O trecho acima consta na lei do Diretório, publicado, em 1757. O Diretório pode ser entendido como um documento jurídico que tinha por finalidade regulamentar as ações colonizadoras em terras portuguesas. O texto expressa por si só a carga de etnocentrismo imposta aos indígenas, as expressões “povos rústicos e bárbaros” e “língua abominável e diabólica” atestam esse fato. 

A língua geral deveria ser substituída por uma língua com identidade, com história e imbuída de tradição, a língua do príncipe.  Língua esta do civilizado que deveria ser ensinada às crianças e aos índios para as pudessem sair do estado em que se encontravam, a barbárie. Sendo assim, ao povo polido caberia a tarefa de civilizar os povos rústicos e bárbaros.
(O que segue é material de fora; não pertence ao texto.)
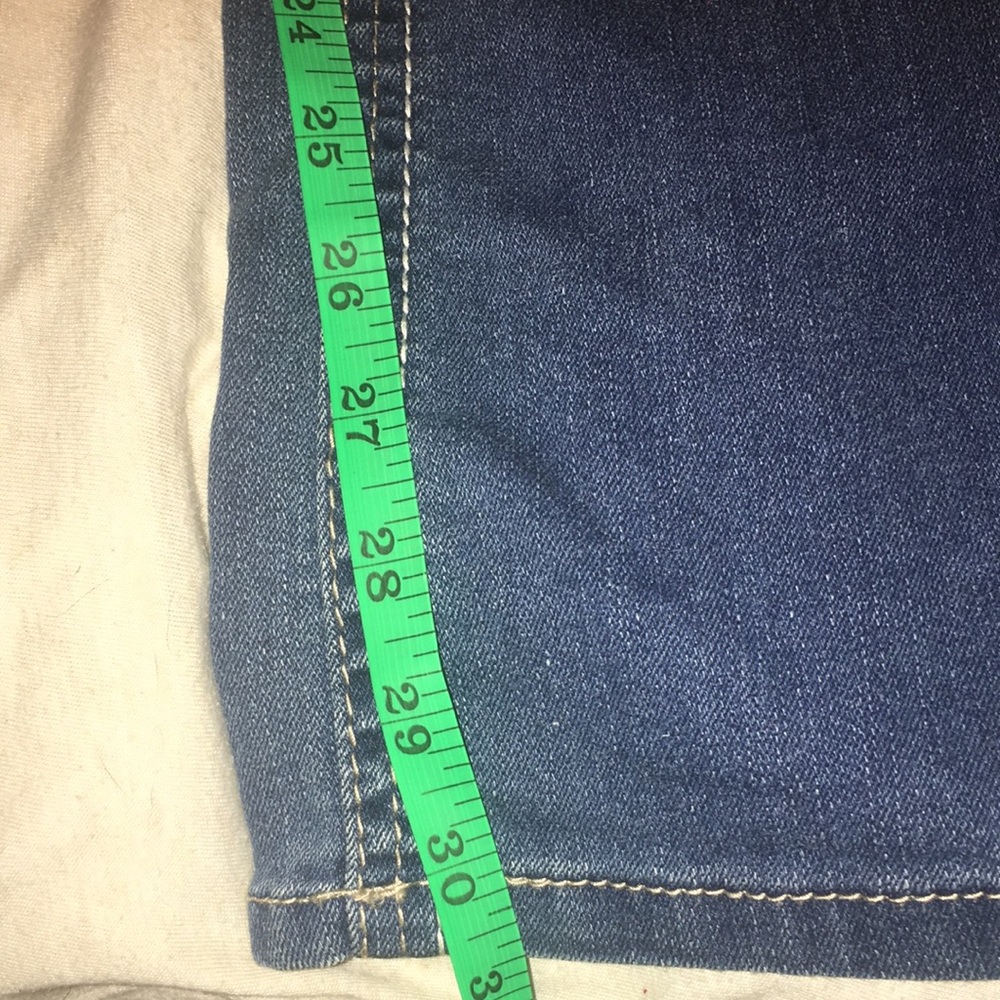 Embellished pocket jeans 💕 - Picture 8 of 8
Pode-se dizer que a tônica do processo de colonização por meio da língua foi o conceito de civilização. Tal conceito expressa os valores que o povo português tem de si mesmo (bons costumes, polidez, aptidão, verdade, língua verdadeira), implica uma intenção educadora, pois objetiva a transformação do outro (inaptidão, rusticidade, ignorância), reconhecido como o mesmo, e não como diferente.  A língua do príncipe aludida no trecho citado que desencadeou um processo de civilização objetivada numa enérgica ação pedagógica com vistas às mudanças, e só pode ser entendida de forma autoritária, em relações assimétricas de poder.

Considerações finais

O texto procurou demonstrar que havia uma língua geral na colônia e que a comunicação entre os colonizadores e as populações locais se dava essencialmente por meio dessa língua.  Procurou demonstrar que a população autóctone servia apenas como meio de obter ganhos econômicos tanto por parte dos jesuítas quanto parte da Coroa portuguesa.
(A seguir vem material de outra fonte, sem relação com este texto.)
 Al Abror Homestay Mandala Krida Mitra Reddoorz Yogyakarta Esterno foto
Procurou demonstrar também que no plano cultural, os indígenas foram considerados como seres que não estavam inseridos na roda da história, careciam de civilização, portanto, era necessário civilizá-los, sendo a língua portuguesa o instrumento ideal de civilização.
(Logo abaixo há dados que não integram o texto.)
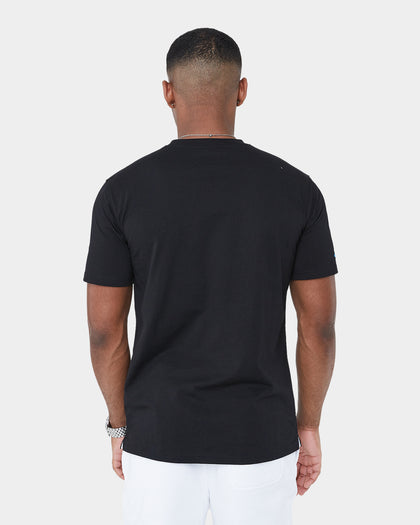 Carré Rhinestone Rose Classic Short Sleeve T-Shirt Black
Trata-se de um trabalho incipiente com vistas a um maior aprofundamento, principalmente, nos acontecimentos tidos como relevantes após a implantação da legislação pombalina.

Referências

  • ALMEIDA, Rita Heloísa de. O diretório dos índios: um projeto de civilização no Brasil do século XVIII. Brasília: UnB, 1997.
  • BARROS, Maria Cândida D.M. Os línguas e a Gramática Tupi na Brasil (século XVI). Ameríndia, Paris, v. 19/20.
  • CORDEIRO, Samara. Gramáticas e o Ensino de Línguas Portuguesa e Autótocnes no Brasil Colônia. Revista Helb. ano  3. – nº 3 – 1- 2009.
  • DAHER, Andréa. Escrita e Conversão: a gramática tupi e os catecismos bilíngües no Brasil do século XVI. Revista Brasileira de Educação, nº 8, mai/jun/jul/ago, 1998.
  • DIRECTORIO, que se deve observar nas povoaçoens dos índios do Pará, e Maranhão em quanto Sua Magestade não mandar o contrario. Lisboa, na Officina de Miguel Rodrigues, Impressor do Eminentissimo Senhor Cardial Patriarca, M.DCC. LVIII
  • FAVERO, Leonor, L. A política linguística na América Latina Colonial e as Línguas Gerais. Trabalho apresentado em evento promovido pela PUC/ São Paulo. Disponível na Página dessa mesma universidade. Acesso em 15 de novembro 2011.
  • HOUASSIS, Antônio. O português no Brasil: pequena enciclopédia da cultura brasileira. Rio de Janeiro: Unibrade, 1985.
  • ROSÁRIO, Manuel da Penha do. Língua e inquisição no Brasil de Pombal: 1773. Introdução e notas de José Pereira da Silva. Prefácio de Ruy Magalhães de Araújo. Rio de Janeiro: Eduerj, 1995.


 

[1]           Samara Cordeiro descreve que a gramática de Anchieta servia de lembrete para a transmissão e leitura em voz alta entre catequistas e catecúmenos, tanto da faixa tupi-guarani, quanto da portuguesa, que se constituíam em seus usuários, facilitando a intercomunicação dos autóctones com os portugueses, e descendentes de ambos os lados. O método bilíngue permitia a conservação das línguas em contato, o que possibilitava que cada um soubesse sua própria língua, e mais, a língua geral, com que se comunicava com os outros, fossem portugueses ou nativos. C.f. Revista Helb, Ano 3, Nº 3 – 1/2009.

[2]           C.f. DAHER, Andréa. Escrita e Conversão: a gramática tupi e os catecismos bilíngües no Brasil do século XVI. Revista Brasileira de Educação, nº 8, mai/jun/jul/ago, 1998.